Google [Alphabet Inc.] will soon charge hardware companies up to $40 per device to use Google apps, under a new licensing plan that will replace one struck down by the EU earlier this year as anti-competitive, reports Reuters.
On October 29, the new fee will go into effect on any new smartphone or tablet that Google launches in the European Economic Area, running Google’s Android operating system, the company said Tuesday.
The fee can be as low as $2.50 and rises depending on the country and device size, the person said. It is standard across manufacturers, with the majority likely to pay around $20, the person added.

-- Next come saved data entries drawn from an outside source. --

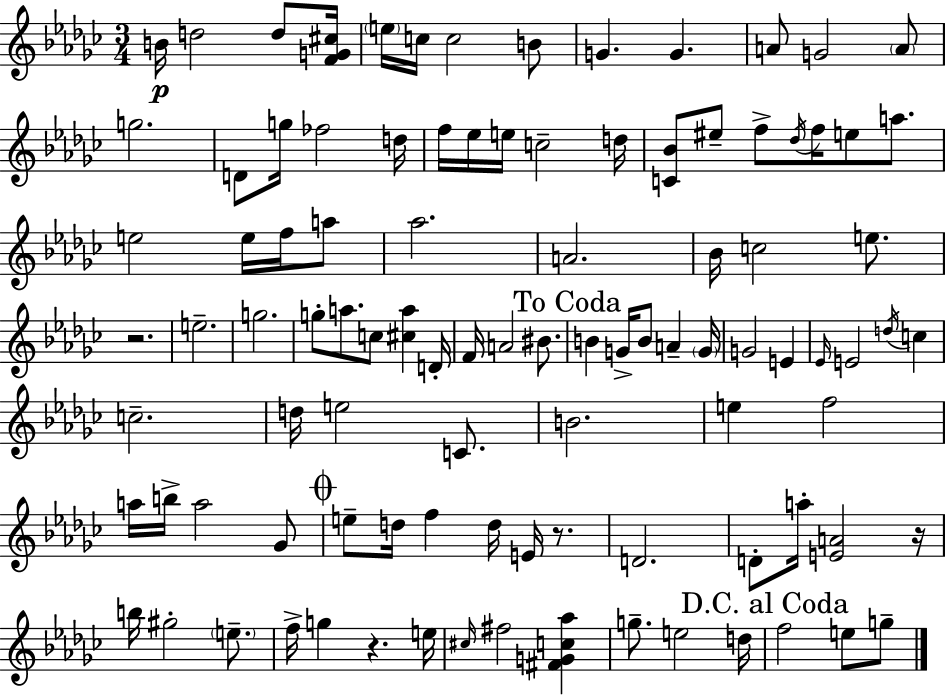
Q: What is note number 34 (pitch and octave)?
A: A4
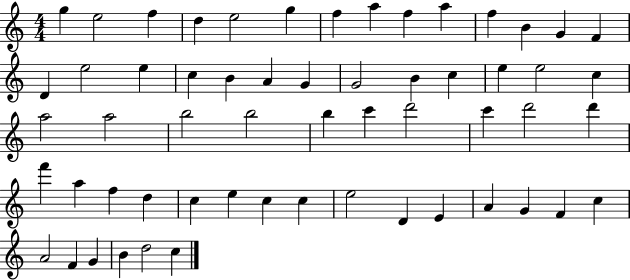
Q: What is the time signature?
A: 4/4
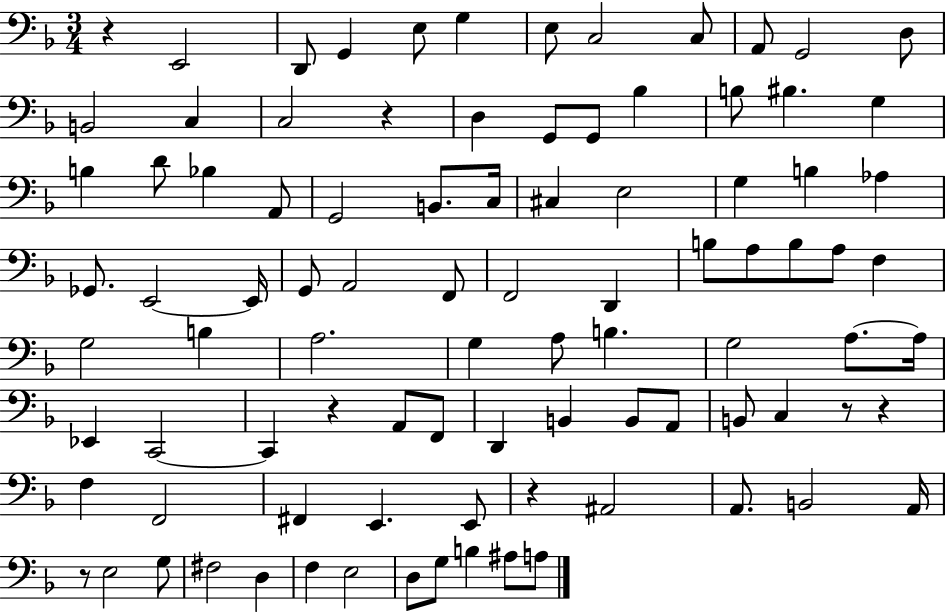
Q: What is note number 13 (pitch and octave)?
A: C3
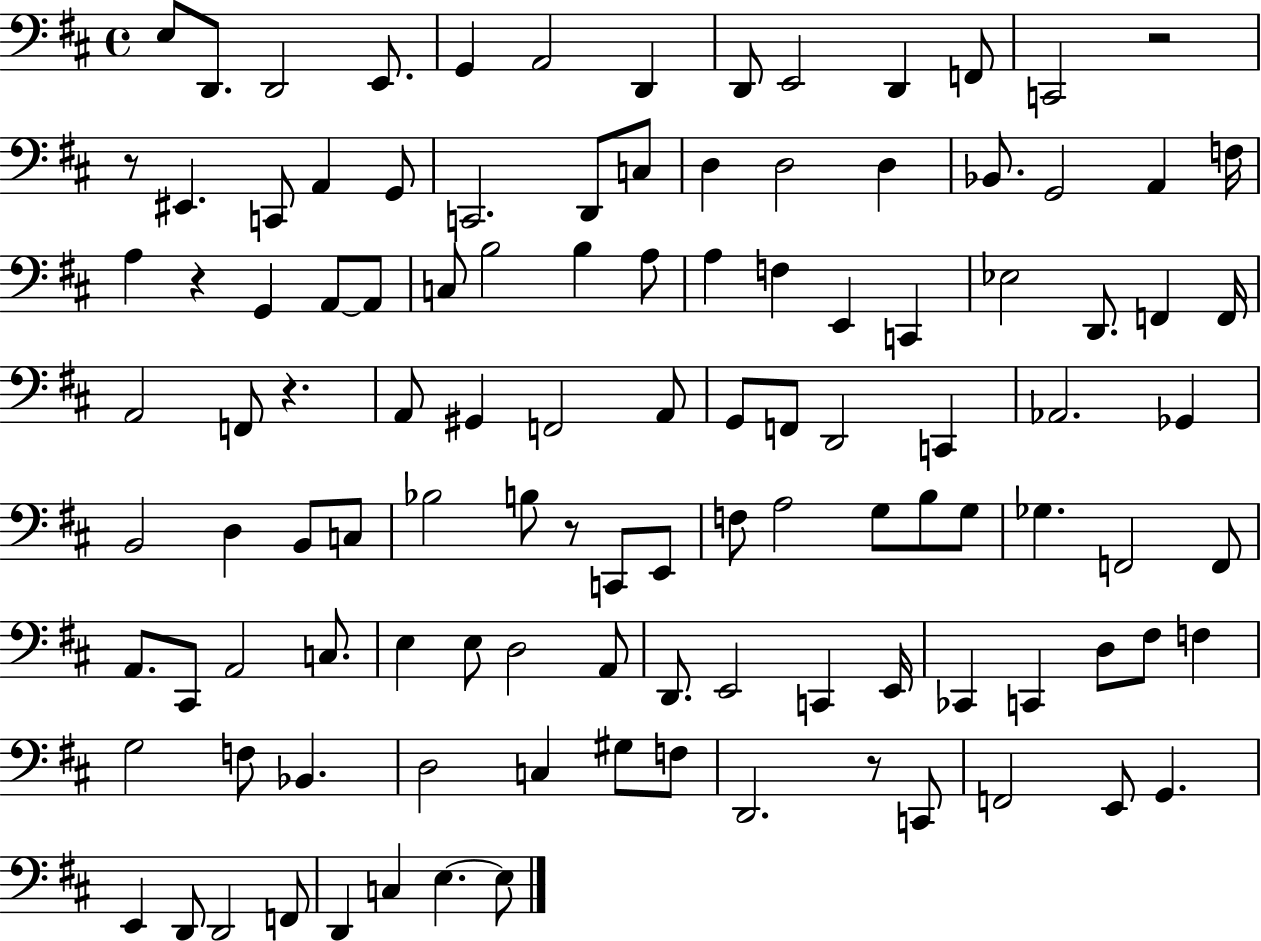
{
  \clef bass
  \time 4/4
  \defaultTimeSignature
  \key d \major
  e8 d,8. d,2 e,8. | g,4 a,2 d,4 | d,8 e,2 d,4 f,8 | c,2 r2 | \break r8 eis,4. c,8 a,4 g,8 | c,2. d,8 c8 | d4 d2 d4 | bes,8. g,2 a,4 f16 | \break a4 r4 g,4 a,8~~ a,8 | c8 b2 b4 a8 | a4 f4 e,4 c,4 | ees2 d,8. f,4 f,16 | \break a,2 f,8 r4. | a,8 gis,4 f,2 a,8 | g,8 f,8 d,2 c,4 | aes,2. ges,4 | \break b,2 d4 b,8 c8 | bes2 b8 r8 c,8 e,8 | f8 a2 g8 b8 g8 | ges4. f,2 f,8 | \break a,8. cis,8 a,2 c8. | e4 e8 d2 a,8 | d,8. e,2 c,4 e,16 | ces,4 c,4 d8 fis8 f4 | \break g2 f8 bes,4. | d2 c4 gis8 f8 | d,2. r8 c,8 | f,2 e,8 g,4. | \break e,4 d,8 d,2 f,8 | d,4 c4 e4.~~ e8 | \bar "|."
}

Companies can offset the charge, which applies to a suite of apps including the Google Play app store, Gmail and Google Maps, by agreeing to bundle Google’s search and Chrome internet browser and feature them prominently. Under that arrangement, Google would give the device maker a portion of ad revenue it generates through search and Chrome.
The Verge reported the news earlier on Friday, citing confidential documents.
Android manufacturers will have to pay Google a surprisingly high cost in Europe in order to include Google’s Play Store and other mobile apps on their devices, according to documents obtained by The Verge. A confidential fee schedule shows costs as high as $40 per device to install the “Google Mobile Services” suite of apps, which includes the Google Play Store. The new fees vary depending on country and device type, and it would apply to devices activated on or after February 1st, 2019.
But phone manufacturers may not actually have to shoulder that cost: Google is also offering separate agreements to cover some or all of the licensing costs for companies that choose to install Chrome and Google search on their devices as well, according to a person familiar with the terms. Google declined to comment.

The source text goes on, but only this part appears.